Captioned web image data
=== Begin Enclosure ===

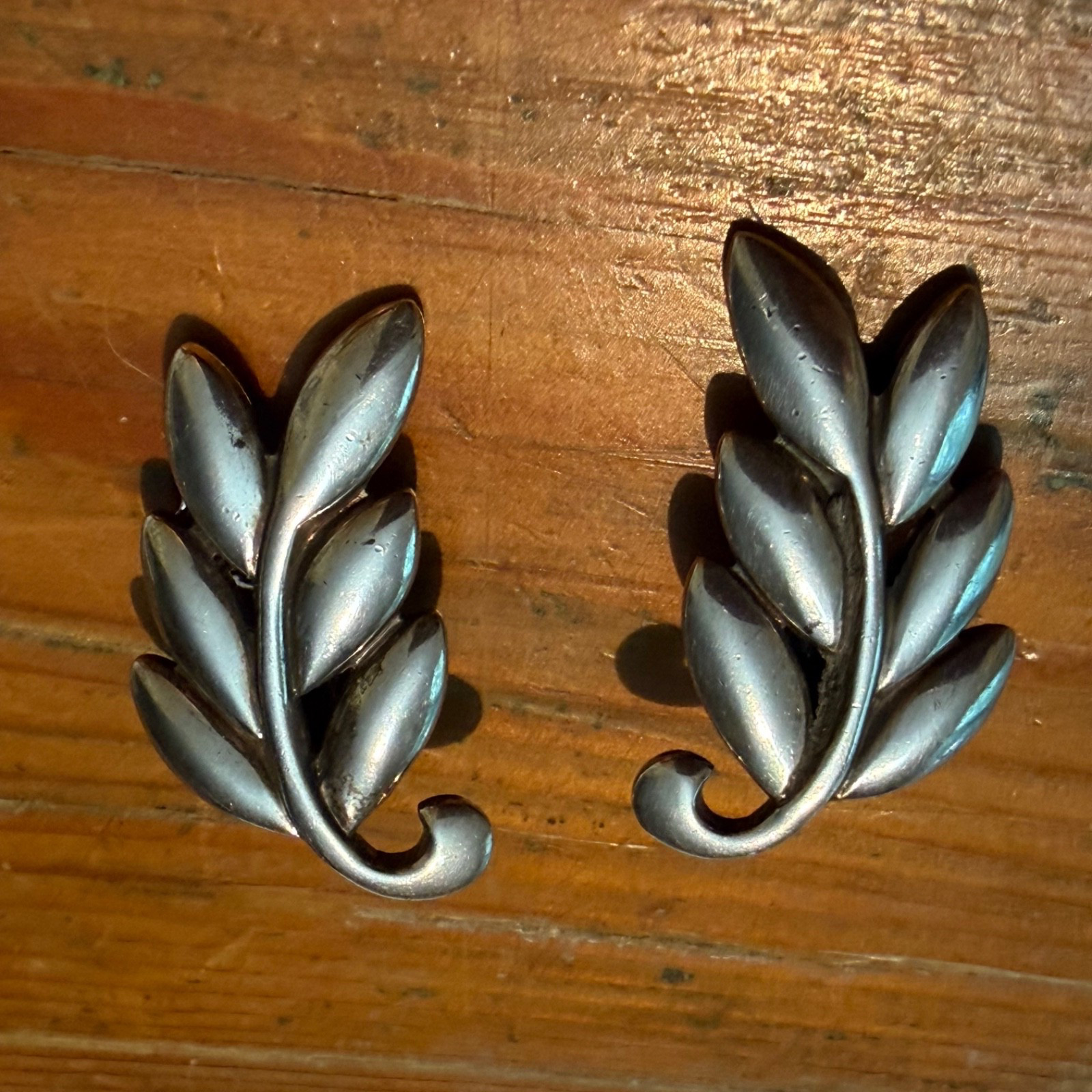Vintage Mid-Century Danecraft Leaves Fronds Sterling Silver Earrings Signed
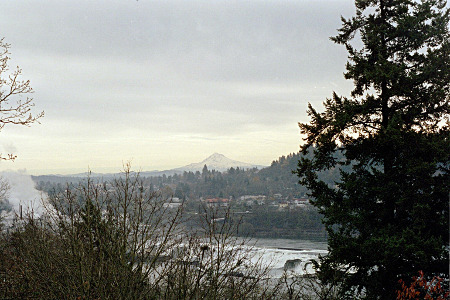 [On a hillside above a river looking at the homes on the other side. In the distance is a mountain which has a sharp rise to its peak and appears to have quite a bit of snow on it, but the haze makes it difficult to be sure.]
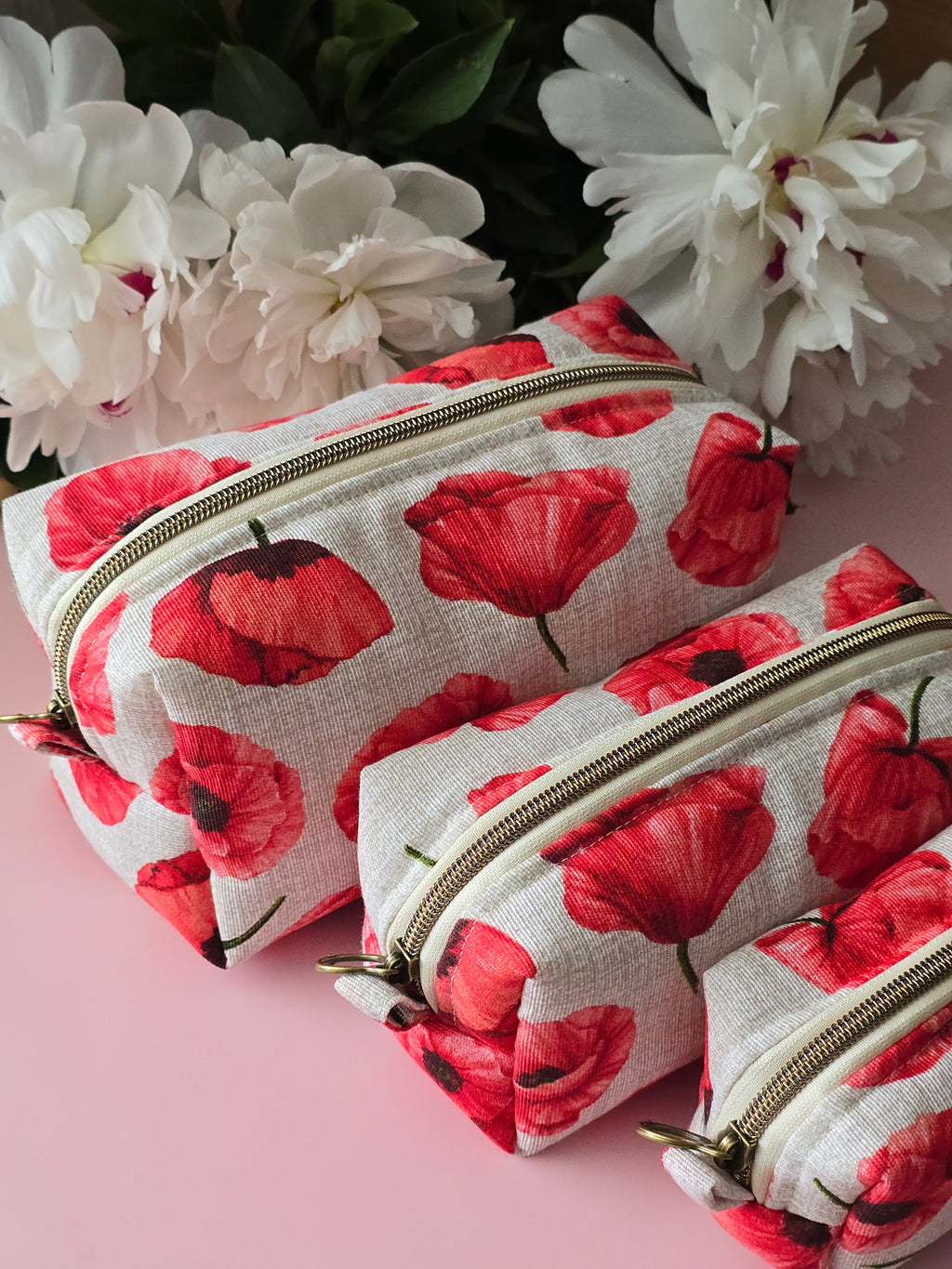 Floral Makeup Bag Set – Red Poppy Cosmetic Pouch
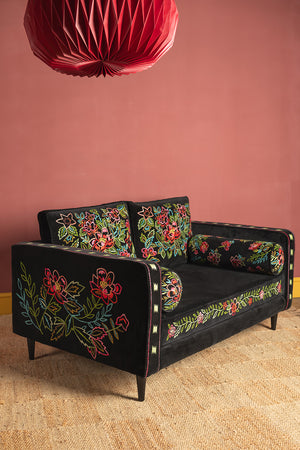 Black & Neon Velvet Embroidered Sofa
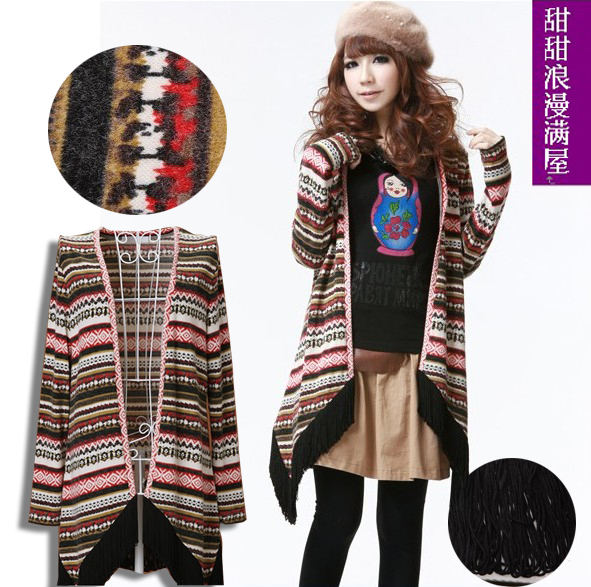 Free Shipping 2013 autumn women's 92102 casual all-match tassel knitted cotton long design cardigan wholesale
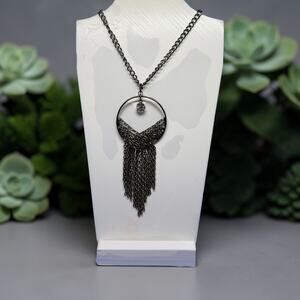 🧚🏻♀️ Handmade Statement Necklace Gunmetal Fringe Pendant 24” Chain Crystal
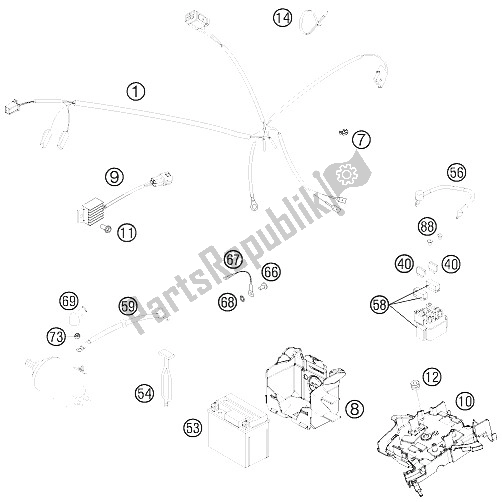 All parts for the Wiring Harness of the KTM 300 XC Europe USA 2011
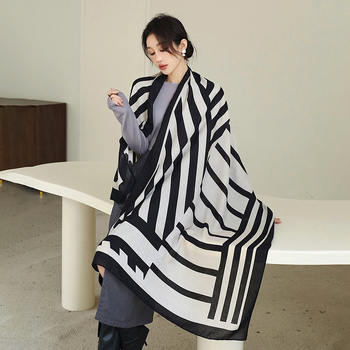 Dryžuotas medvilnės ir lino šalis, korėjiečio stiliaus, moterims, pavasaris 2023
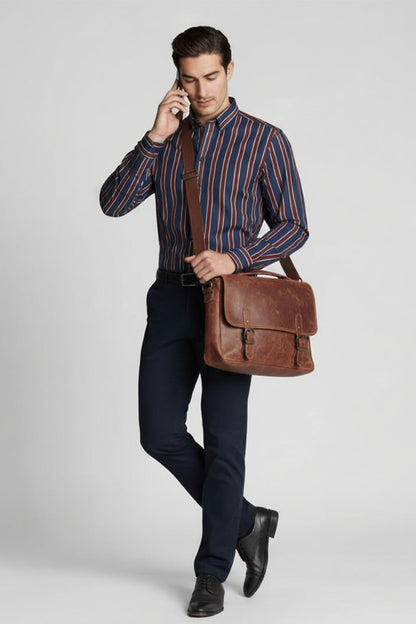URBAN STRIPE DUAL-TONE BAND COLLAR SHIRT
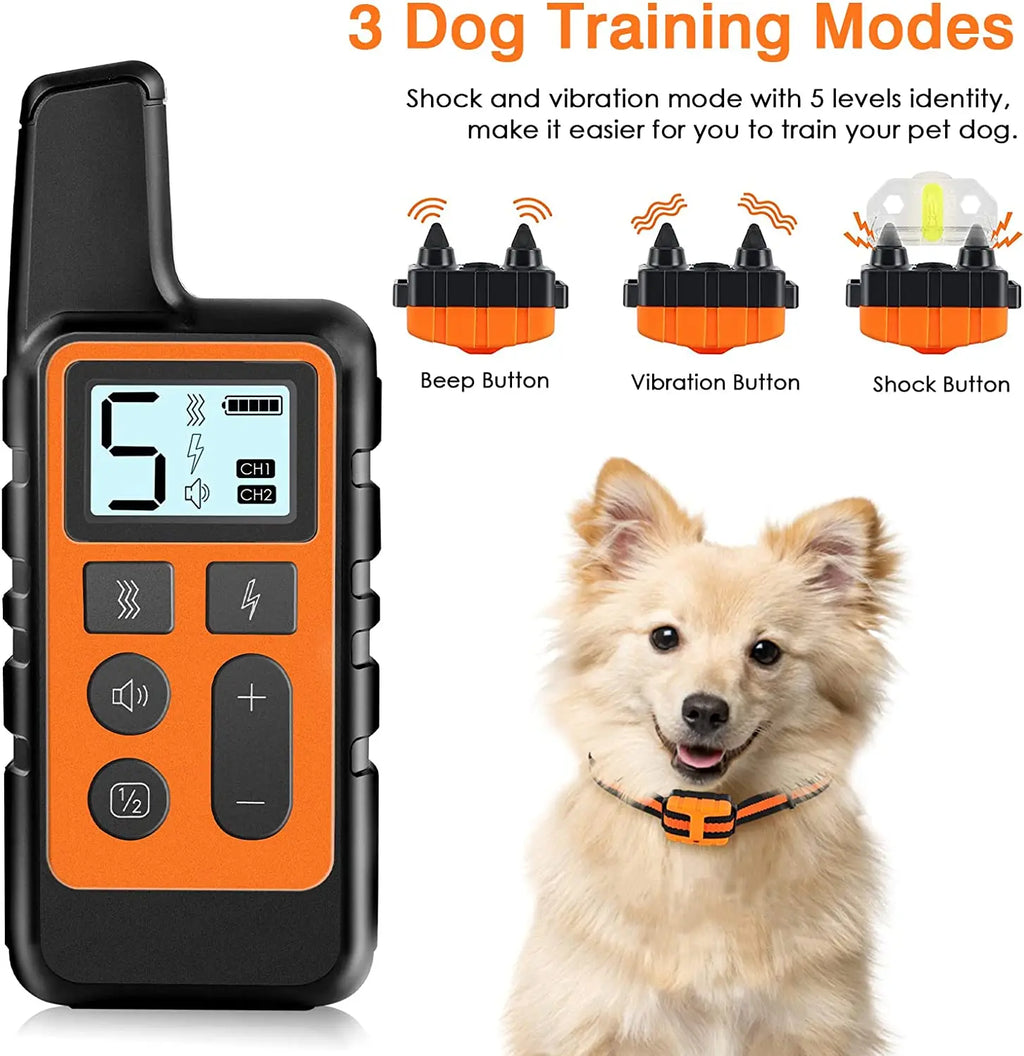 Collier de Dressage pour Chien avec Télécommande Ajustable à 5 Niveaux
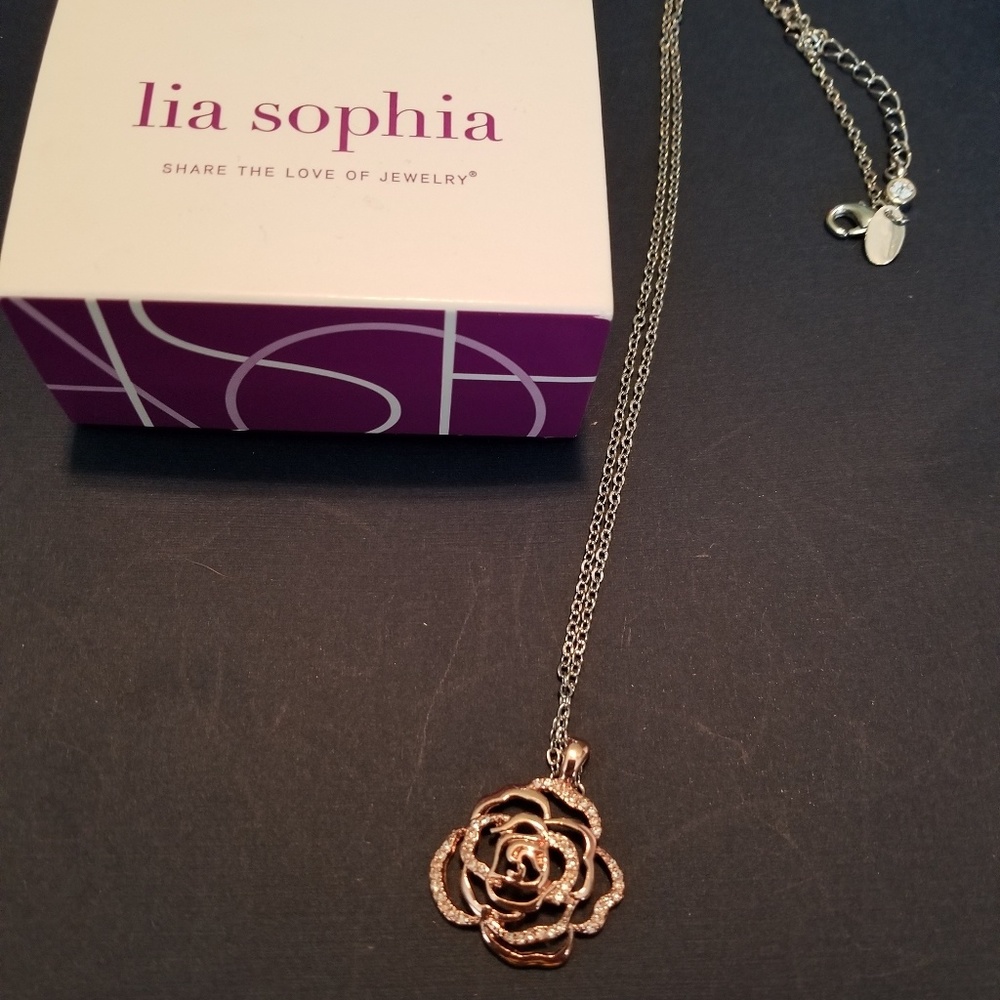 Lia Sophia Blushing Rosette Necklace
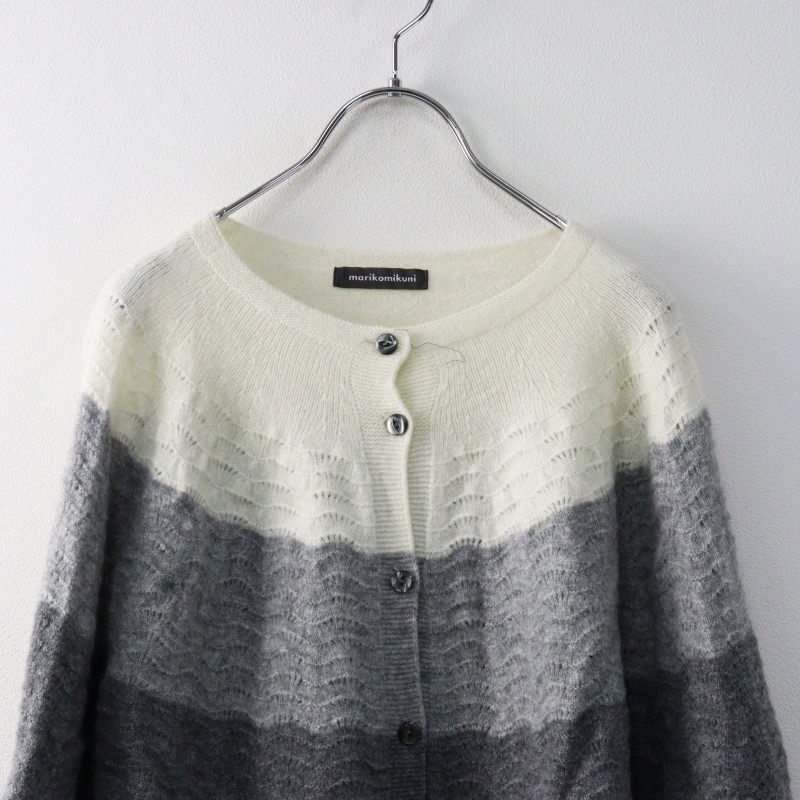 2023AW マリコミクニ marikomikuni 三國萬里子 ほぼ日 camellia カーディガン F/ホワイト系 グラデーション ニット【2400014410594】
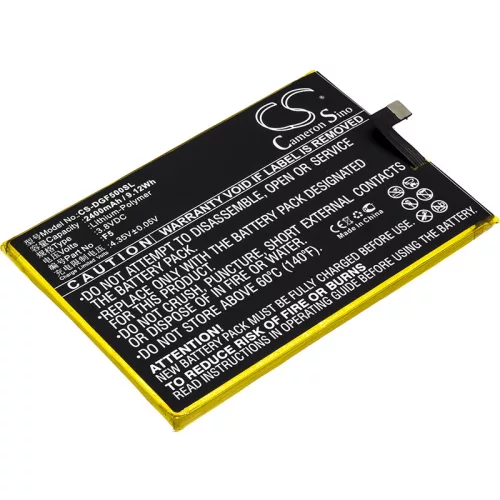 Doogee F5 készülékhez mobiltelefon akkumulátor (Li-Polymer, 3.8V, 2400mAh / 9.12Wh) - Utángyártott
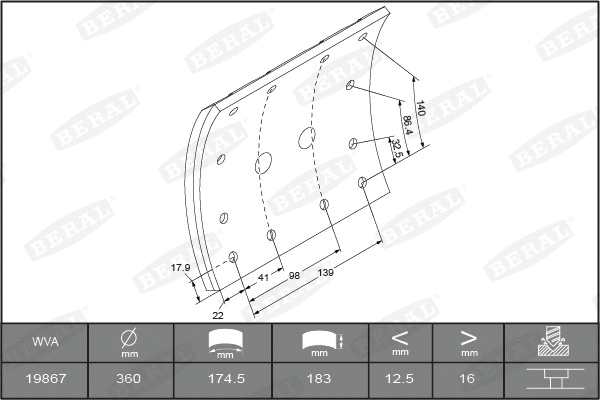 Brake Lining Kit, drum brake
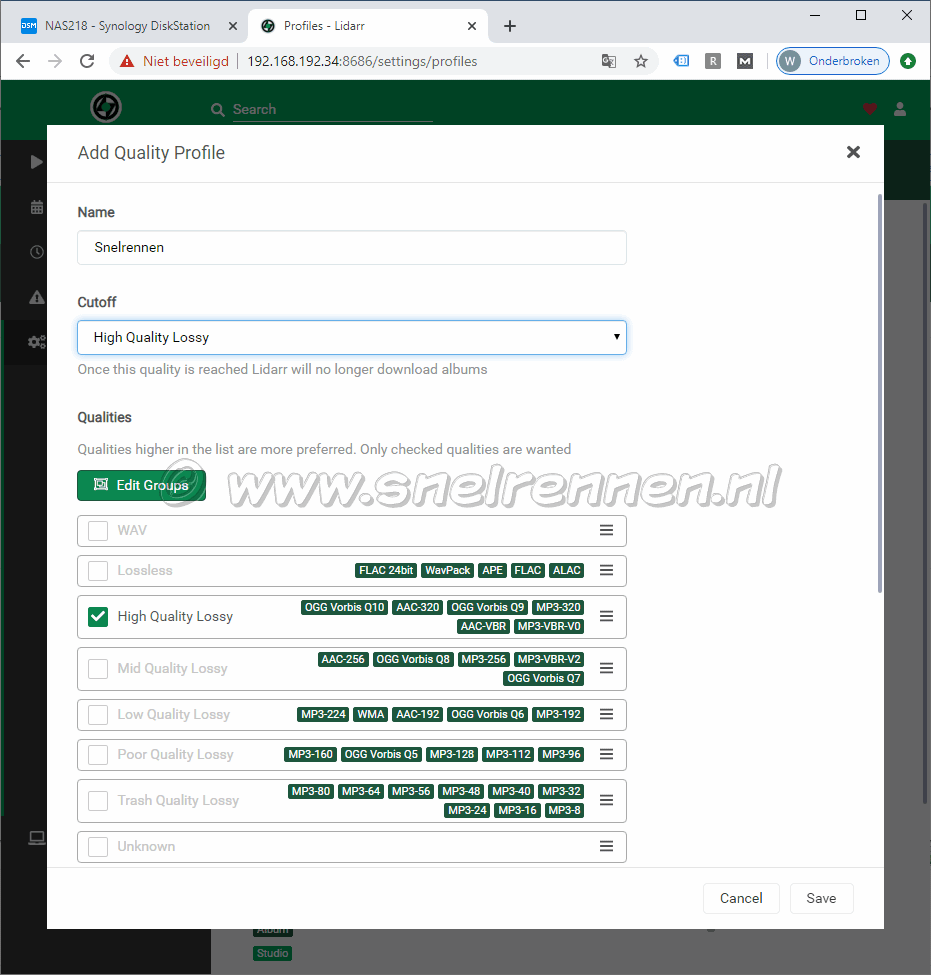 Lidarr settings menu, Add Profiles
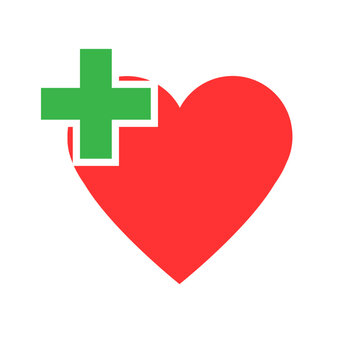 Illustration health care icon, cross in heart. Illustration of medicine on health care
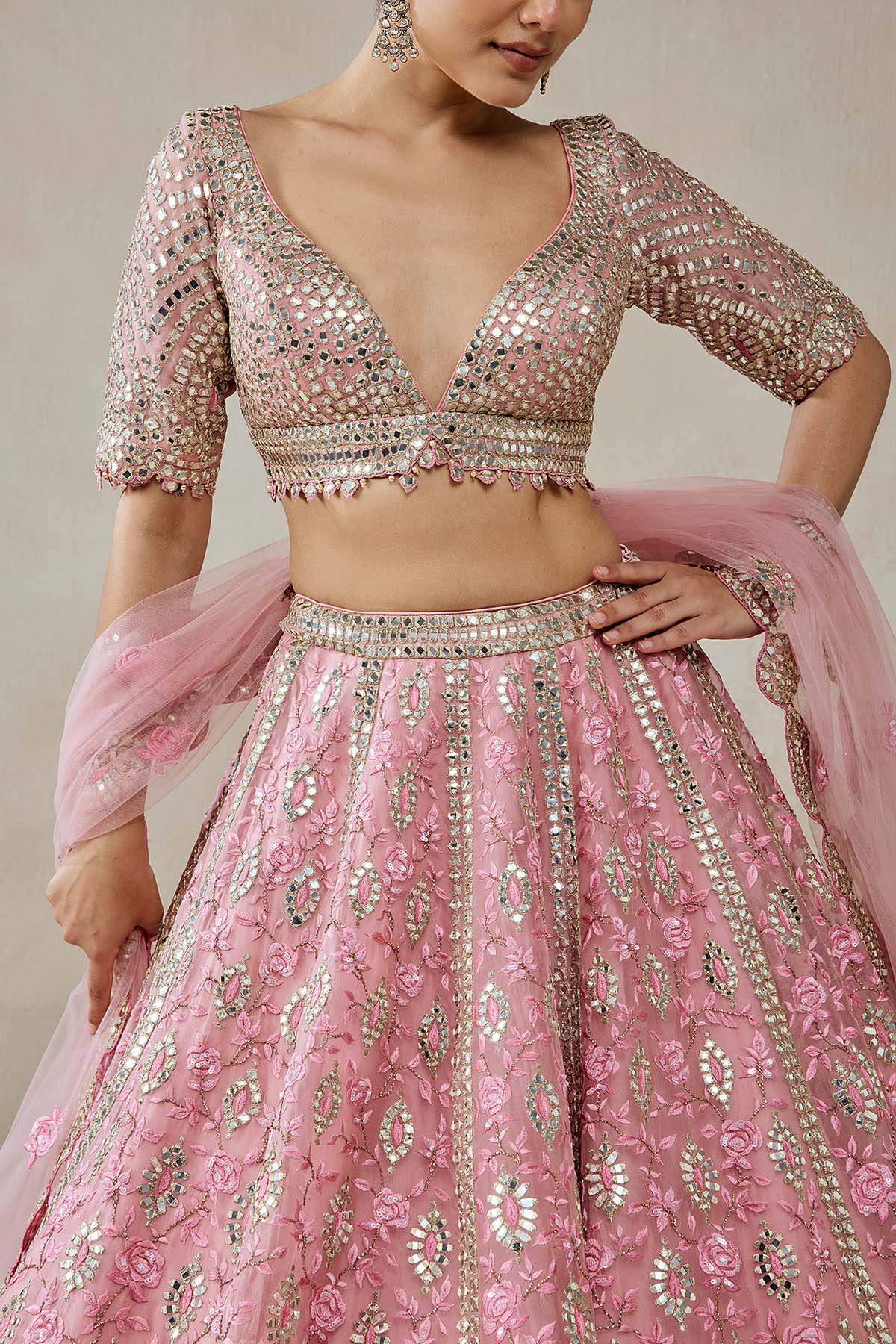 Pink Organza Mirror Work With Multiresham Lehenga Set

=== End Enclosure ===

_What to work on_
Leave out the pictures, and please output only the lines from the line that contains "2023AW マリコミクニ marikomikuni" through the end of the data, both ends included.

_Answer to the exercise_
 2023AW マリコミクニ marikomikuni 三國萬里子 ほぼ日 camellia カーディガン F/ホワイト系 グラデーション ニット【2400014410594】
 Doogee F5 készülékhez mobiltelefon akkumulátor (Li-Polymer, 3.8V, 2400mAh / 9.12Wh) - Utángyártott
 Brake Lining Kit, drum brake
 Lidarr settings menu, Add Profiles
 Illustration health care icon, cross in heart. Illustration of medicine on health care
 Pink Organza Mirror Work With Multiresham Lehenga Set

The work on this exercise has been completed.